(Extracted records)
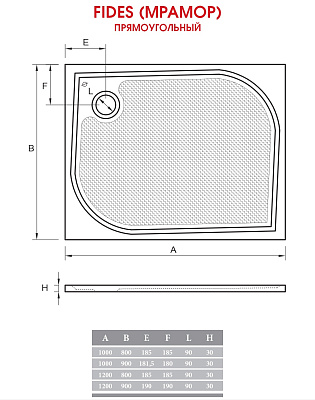 Поддон для душа ALPEN Fides 120x80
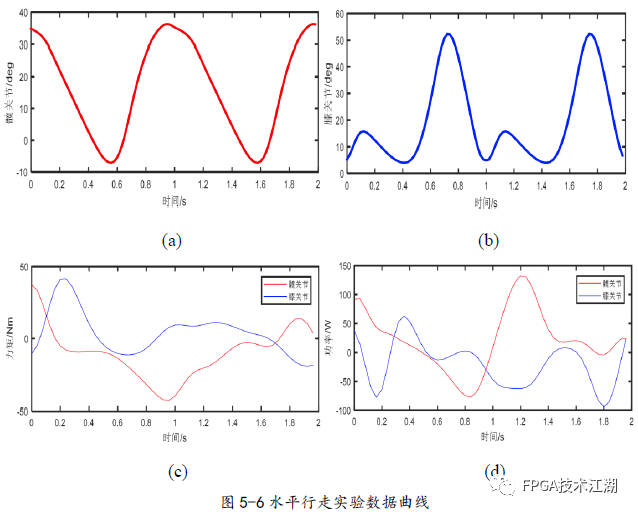 步行助力外骨骼机器人 Fpga技术江湖的博客 程序员宅基地 程序员宅基地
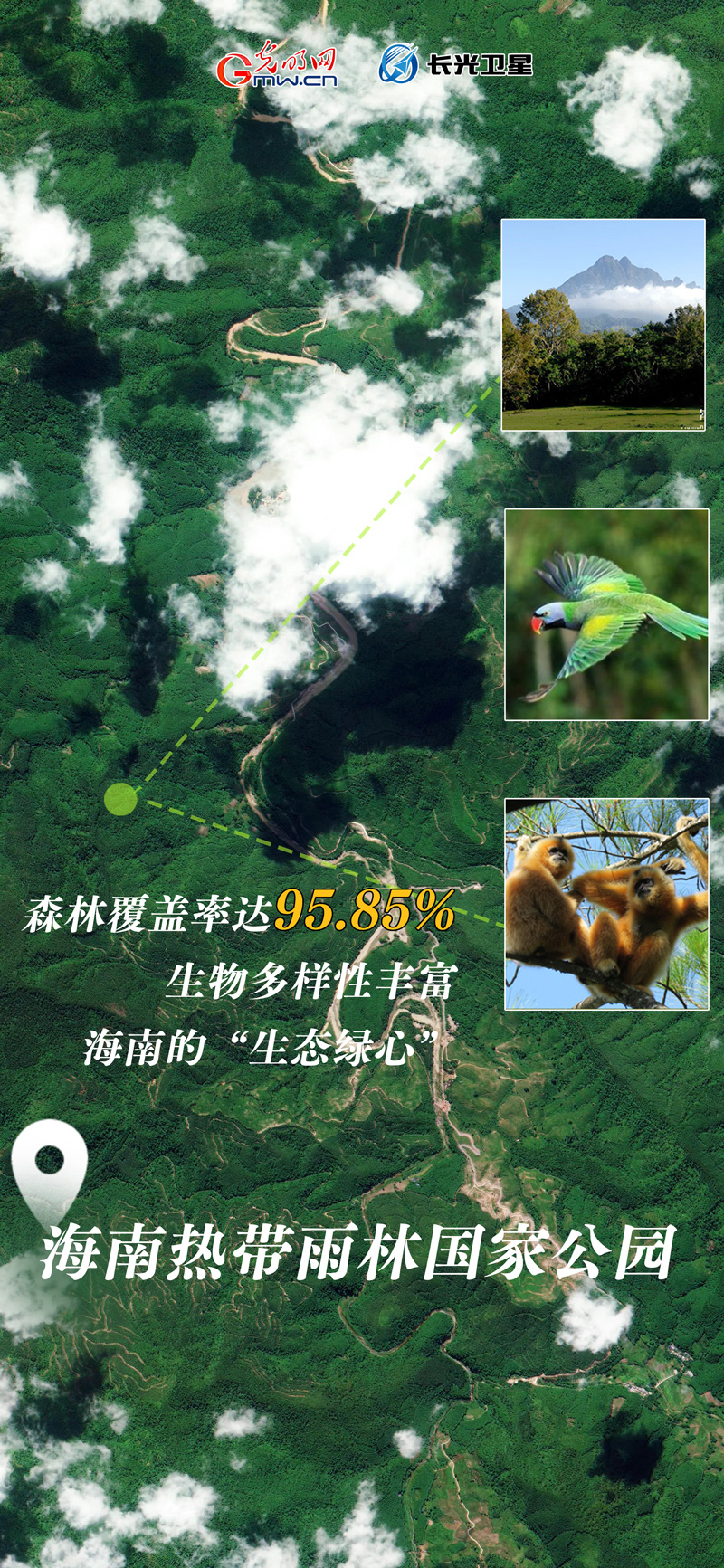 衛(wèi)星新聞 | 世界地球日，帶你太空視角“瞰”國家公園
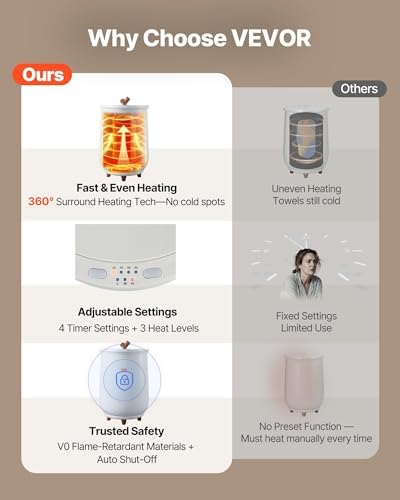VEVOR Towel Warmers for Bathroom, Towel Warmer Bucket Auto Shut Off for Spa Fits up to 3 Oversized Towels, Blankets, Clothes, Bathrobes, PJ's and More - Image 2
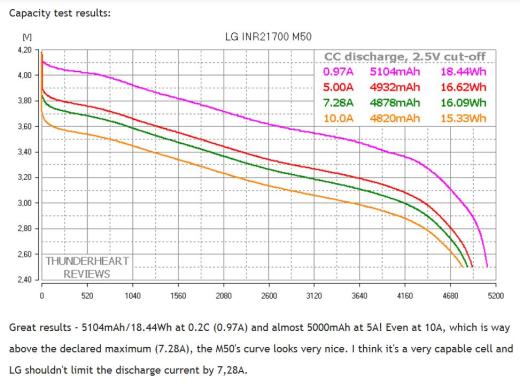 LG INR21700 M50 5，000毫安时锂离子充电电池2缩略图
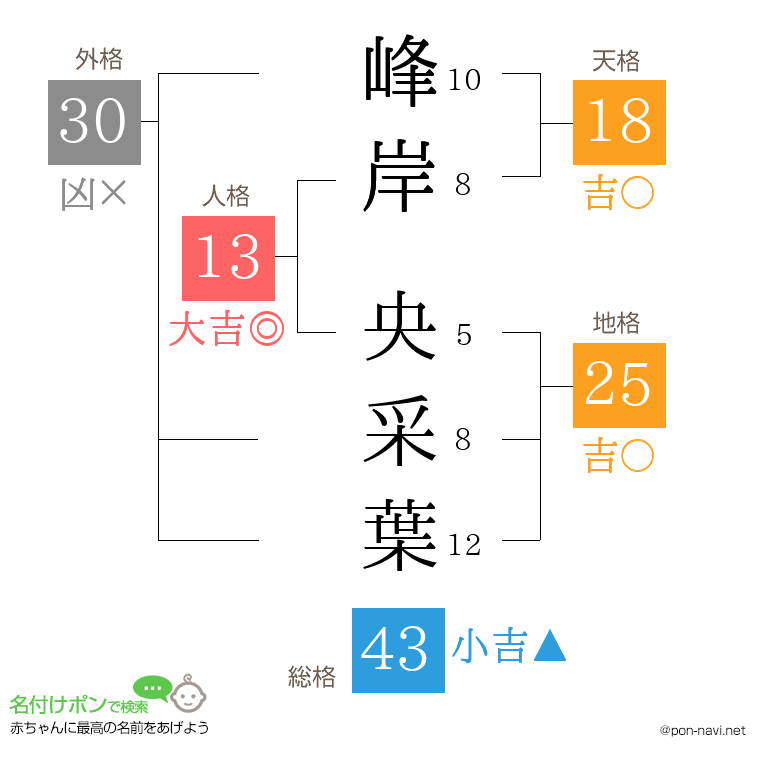 峰岸 央采葉さんの姓名判断結果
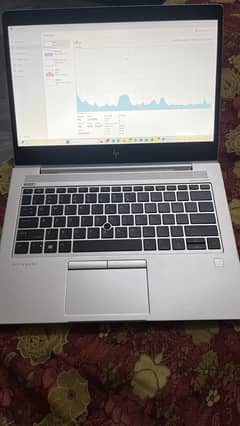 Hp laptop 17 8 generation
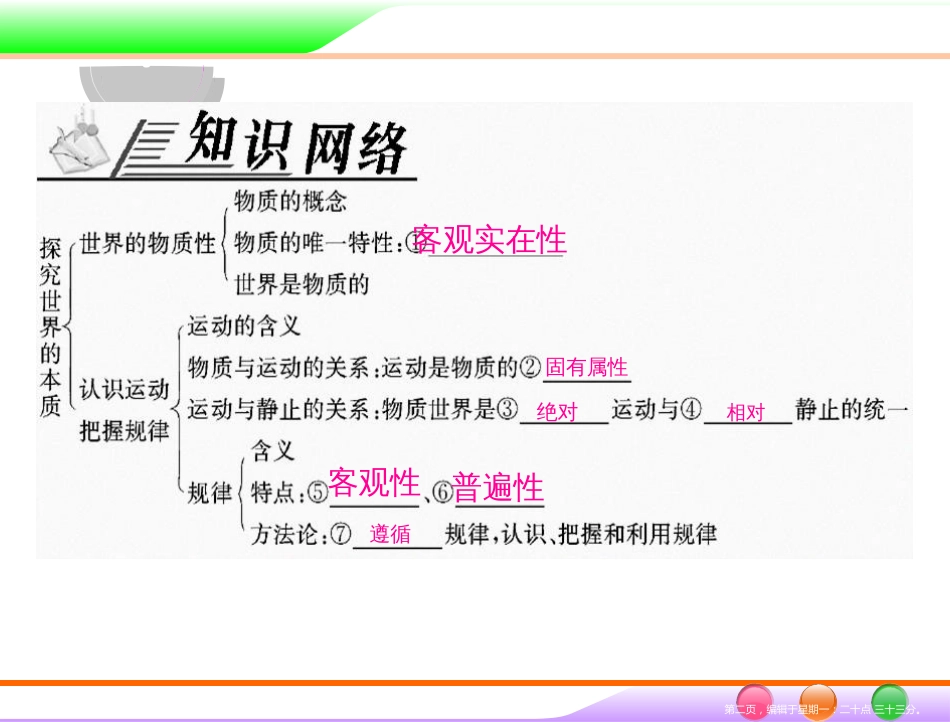 第四部分 必修4 第二单元 单元知识整合 _第2页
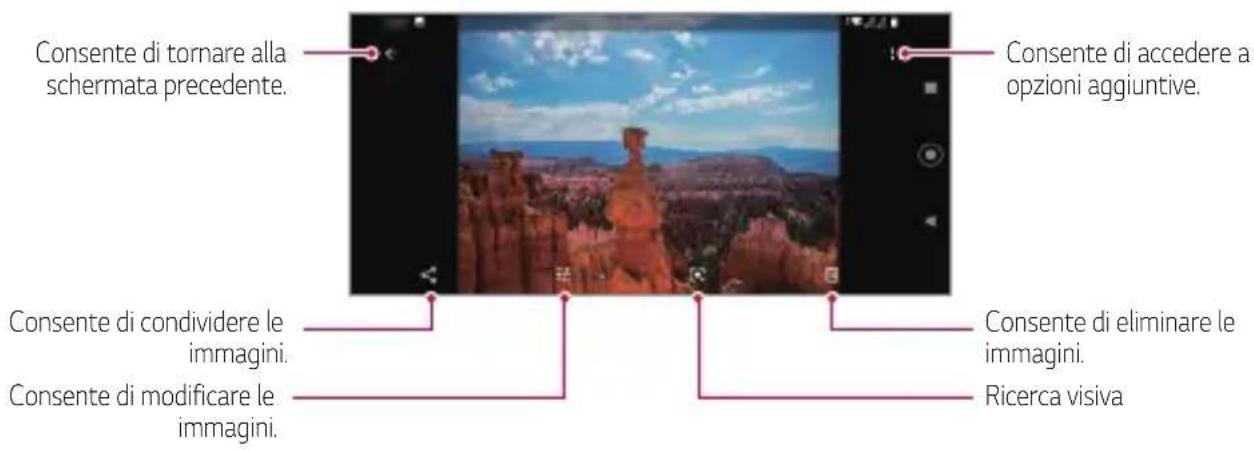 LG LMK200EMW - Visualizzazione delle foto - 1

§ Exercise objective
What you give back must match the entries exactly, apart from the omitted pictures.

§ Solution to this task
 Поддон для душа ALPEN Fides 120x80
 步行助力外骨骼机器人 Fpga技术江湖的博客 程序员宅基地 程序员宅基地
 衛(wèi)星新聞 | 世界地球日，帶你太空視角“瞰”國家公園
VEVOR Towel Warmers for Bathroom, Towel Warmer Bucket Auto Shut Off for Spa Fits up to 3 Oversized Towels, Blankets, Clothes, Bathrobes, PJ's and More - Image 2
 LG INR21700 M50 5，000毫安时锂离子充电电池2缩略图
 峰岸 央采葉さんの姓名判断結果
 Hp laptop 17 8 generation
 第四部分 必修4 第二单元 单元知识整合 _第2页
 LG LMK200EMW - Visualizzazione delle foto - 1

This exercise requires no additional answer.